Typhoon Neoguri, which hit Japan in July 2014, is an example where coupling makes a difference.

Five-day sea-surface temperature forecasts starting on 5 July 2014

Neoguri-ocean interaction. Five-day SST forecasts for the area of Neoguri starting on 5 July 2014 using the uncoupled model (left) and the coupled model (right). SST observations from ships and buoys (circles) confirm that the coupling leads to more realistic SST predictions along the path of the cyclone (‘best track’ data – black line).

The second example is rapid changes in sea-ice concentration in the polar regions.

Such changes are particularly frequent in the summer, when some of the ice melts, and in the autumn, when it can form rapidly. Changes in sea-ice concentration can also be wind-driven.

“Sea-ice concentration matters for weather forecasts as it influences heat fluxes between the surface and the atmosphere. This means it can have a strong impact on near-surface air temperature,” Kristian explains.

Baltic Sea sea ice charts

More realistic sea ice. Sea-ice concentration in the Baltic Sea evolved considerably between 1 April (left) and 11 April 2018 (middle), according to ECMWF’s OCEAN5 analysis. ECMWF’s coupled high-resolution 10-day forecast for 11 April (right) was able to capture these changes.

Problems and solutions

While the case for coupled forecasts is clear, implementing them operationally is not straightforward.

To mention just three difficulties:

  • the initial conditions for the different models may be inconsistent
  • the models generally use different grids and time steps
  • errors in one model can amplify errors in another

 “That is why naively coupling ocean, sea-ice and atmospheric models does not by itself guarantee better forecasts,” Kristian warns.

“A lot of work goes into getting the initial conditions right, optimising the interpolation and time stepping between models, and preventing feedbacks that amplify errors.”

ECMWF couples an atmosphere–land–wave model with the community ocean model NEMO and the LIM2 sea-ice model developed at the Belgian Université catholique de Louvain.

Tests have shown that using SSTs from NEMO from day 0 in the coupled model has mixed results: it improves temperature forecasts in the tropics in the medium range but tends to degrade them in the extratropics at shorter lead times.

Temperature forecast errror difference charts

Minimising temperature forecast errors.
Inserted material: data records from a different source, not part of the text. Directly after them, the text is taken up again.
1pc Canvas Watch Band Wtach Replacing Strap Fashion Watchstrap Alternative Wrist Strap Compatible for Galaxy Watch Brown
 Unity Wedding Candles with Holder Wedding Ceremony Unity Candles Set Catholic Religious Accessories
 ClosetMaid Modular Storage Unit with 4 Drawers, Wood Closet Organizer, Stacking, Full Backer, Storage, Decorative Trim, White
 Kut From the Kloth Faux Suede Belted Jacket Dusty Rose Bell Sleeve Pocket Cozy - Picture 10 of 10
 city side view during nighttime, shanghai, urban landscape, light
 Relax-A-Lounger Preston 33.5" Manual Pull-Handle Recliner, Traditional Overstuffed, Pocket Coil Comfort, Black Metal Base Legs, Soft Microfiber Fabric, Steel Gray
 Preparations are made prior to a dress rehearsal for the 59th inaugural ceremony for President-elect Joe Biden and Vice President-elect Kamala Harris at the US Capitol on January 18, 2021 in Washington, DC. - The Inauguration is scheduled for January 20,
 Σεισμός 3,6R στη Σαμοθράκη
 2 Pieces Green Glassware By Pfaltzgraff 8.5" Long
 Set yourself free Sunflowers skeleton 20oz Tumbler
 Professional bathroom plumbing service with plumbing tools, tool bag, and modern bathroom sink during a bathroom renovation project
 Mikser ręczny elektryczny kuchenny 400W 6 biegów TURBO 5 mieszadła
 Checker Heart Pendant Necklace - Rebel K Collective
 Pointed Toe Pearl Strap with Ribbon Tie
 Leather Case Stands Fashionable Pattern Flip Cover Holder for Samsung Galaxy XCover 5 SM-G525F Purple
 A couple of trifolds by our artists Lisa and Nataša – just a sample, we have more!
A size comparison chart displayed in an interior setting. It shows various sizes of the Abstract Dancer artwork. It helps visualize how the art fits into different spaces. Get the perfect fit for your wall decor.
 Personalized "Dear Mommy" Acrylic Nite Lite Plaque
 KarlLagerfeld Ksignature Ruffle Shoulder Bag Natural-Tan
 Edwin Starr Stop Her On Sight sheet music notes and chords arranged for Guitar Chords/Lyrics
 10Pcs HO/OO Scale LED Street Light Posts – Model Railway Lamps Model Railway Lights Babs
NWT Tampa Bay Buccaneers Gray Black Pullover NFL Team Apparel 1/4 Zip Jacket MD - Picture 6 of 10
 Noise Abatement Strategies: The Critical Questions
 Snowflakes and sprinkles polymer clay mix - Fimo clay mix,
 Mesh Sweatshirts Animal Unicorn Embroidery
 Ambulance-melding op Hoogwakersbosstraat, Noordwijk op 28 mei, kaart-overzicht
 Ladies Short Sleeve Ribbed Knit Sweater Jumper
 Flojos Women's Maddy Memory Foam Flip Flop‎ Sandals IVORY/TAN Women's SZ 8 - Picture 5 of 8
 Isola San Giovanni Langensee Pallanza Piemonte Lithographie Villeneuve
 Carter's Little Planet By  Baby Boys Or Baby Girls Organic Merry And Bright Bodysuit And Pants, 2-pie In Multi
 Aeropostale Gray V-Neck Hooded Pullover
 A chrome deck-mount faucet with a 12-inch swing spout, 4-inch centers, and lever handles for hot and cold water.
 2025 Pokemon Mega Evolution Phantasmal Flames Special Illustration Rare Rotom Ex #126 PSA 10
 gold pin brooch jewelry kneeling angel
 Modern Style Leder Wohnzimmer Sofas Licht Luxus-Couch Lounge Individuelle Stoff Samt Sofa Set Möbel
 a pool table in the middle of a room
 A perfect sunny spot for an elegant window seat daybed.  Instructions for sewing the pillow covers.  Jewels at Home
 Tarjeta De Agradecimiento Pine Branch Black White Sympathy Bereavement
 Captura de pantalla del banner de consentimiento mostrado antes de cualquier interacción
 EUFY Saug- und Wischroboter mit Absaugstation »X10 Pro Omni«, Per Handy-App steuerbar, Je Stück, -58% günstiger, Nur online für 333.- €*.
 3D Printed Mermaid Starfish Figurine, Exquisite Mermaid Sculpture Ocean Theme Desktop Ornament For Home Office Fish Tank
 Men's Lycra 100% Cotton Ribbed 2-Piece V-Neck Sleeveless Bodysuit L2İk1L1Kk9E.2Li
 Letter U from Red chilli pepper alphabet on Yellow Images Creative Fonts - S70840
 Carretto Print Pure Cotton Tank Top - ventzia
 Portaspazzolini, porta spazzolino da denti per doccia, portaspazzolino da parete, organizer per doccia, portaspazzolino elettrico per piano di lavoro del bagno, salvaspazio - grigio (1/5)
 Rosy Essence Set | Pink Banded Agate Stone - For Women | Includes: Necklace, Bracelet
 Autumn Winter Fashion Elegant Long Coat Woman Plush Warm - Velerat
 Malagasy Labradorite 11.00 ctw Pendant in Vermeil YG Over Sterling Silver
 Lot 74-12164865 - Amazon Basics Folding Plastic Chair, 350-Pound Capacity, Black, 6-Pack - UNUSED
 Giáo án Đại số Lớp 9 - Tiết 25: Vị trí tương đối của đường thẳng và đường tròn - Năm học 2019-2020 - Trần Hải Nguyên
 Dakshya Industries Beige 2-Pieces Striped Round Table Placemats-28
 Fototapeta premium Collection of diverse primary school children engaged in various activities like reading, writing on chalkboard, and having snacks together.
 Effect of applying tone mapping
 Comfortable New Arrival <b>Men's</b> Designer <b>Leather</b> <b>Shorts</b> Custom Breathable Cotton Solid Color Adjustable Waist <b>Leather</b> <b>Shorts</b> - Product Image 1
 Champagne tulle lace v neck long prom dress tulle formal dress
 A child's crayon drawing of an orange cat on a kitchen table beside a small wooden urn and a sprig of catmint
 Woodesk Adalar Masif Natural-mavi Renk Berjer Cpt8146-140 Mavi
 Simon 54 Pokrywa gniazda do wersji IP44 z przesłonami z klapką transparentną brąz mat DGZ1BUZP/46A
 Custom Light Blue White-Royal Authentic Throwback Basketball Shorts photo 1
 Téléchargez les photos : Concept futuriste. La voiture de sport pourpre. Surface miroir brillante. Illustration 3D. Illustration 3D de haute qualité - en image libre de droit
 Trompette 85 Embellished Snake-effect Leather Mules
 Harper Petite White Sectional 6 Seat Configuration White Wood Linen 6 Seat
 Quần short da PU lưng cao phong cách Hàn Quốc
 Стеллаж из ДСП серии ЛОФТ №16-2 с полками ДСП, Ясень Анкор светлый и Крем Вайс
The plots show the normalised difference in root-mean-square error (RMSE) between uncoupled temperature forecasts and forecasts with full coupling everywhere (left), partial coupling everywhere (middle) and partial coupling in the extratropics and full coupling in the tropics (right). The latter option limits the increase in errors in the extratropics while reaping full benefits from the coupling in the tropics. Cross-hatching indicates 95% confidence.

“The reason for the increase in errors in the extratropics is the relatively coarse resolution in the ocean model,” Kristian says. “It means that ocean eddies, for example in the North Atlantic, cannot be resolved by the model.”

To mitigate this problem, ECMWF has introduced ‘partial coupling’ up to day four of the forecast: the atmosphere sees the fine-scale SST of the atmospheric initial conditions with added larger-scale tendencies from the ocean model.

In the IFS upgrade implemented on 5 June, in the tropics SSTs from the ocean model are now used from day 0, while in the extratropics partial coupling still applies to day 4, followed by a gradual transition to full coupling.

Tests have shown that in this way the benefits of coupling can be maximised.

Kristian adds that future improvements may come from better representing some physical processes in the coupled model. These include interactions between the atmosphere and the top few millimetres of the ocean.

However, any changes to the coupled model configuration must pass rigorous tests before they can be implemented.

“The goal is to improve forecasts for our users: a coupled forecast system is a means to an end rather than an end in itself.”